• Task item:
Among the records below, find the line that has "Vista 5 de Dream"; from there, give the lines again exactly, and stop after the line that has "DJ Sugar Skull".

• Source information:
+++

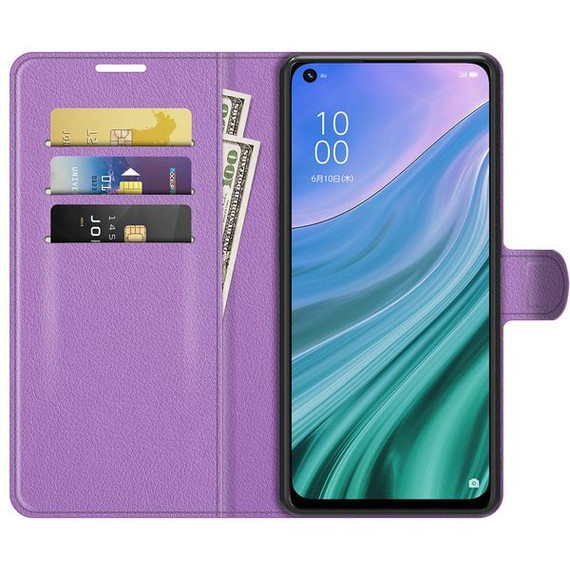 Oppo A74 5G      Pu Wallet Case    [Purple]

+++

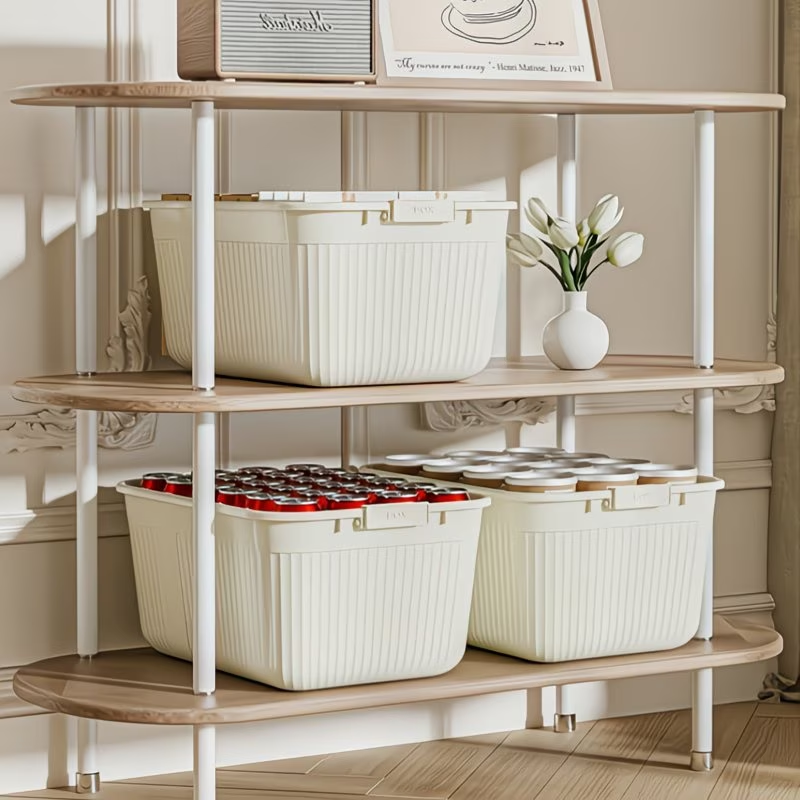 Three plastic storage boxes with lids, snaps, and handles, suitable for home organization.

+++

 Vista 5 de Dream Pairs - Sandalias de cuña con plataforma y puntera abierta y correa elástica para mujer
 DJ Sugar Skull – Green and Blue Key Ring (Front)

+++

• Solution:
 Vista 5 de Dream Pairs - Sandalias de cuña con plataforma y puntera abierta y correa elástica para mujer
 DJ Sugar Skull – Green and Blue Key Ring (Front)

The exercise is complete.